§ What is expected
Begin at the line below that has "60分钟普拉提核心床让你5分" and stop after the line that has "치매 노인도 즐기는 보드게임, 놀이 문화 전파하는 ‘아스모디’". Please restate only those lines, word for word.

§ Input material

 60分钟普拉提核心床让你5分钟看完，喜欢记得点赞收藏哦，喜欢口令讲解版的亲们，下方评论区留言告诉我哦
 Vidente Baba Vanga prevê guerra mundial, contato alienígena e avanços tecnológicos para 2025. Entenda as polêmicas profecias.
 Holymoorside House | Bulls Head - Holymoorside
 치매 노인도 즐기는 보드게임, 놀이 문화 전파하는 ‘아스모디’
==
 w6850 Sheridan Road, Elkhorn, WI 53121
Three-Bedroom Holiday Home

§ Task solution
 60分钟普拉提核心床让你5分钟看完，喜欢记得点赞收藏哦，喜欢口令讲解版的亲们，下方评论区留言告诉我哦
 Vidente Baba Vanga prevê guerra mundial, contato alienígena e avanços tecnológicos para 2025. Entenda as polêmicas profecias.
 Holymoorside House | Bulls Head - Holymoorside
 치매 노인도 즐기는 보드게임, 놀이 문화 전파하는 ‘아스모디’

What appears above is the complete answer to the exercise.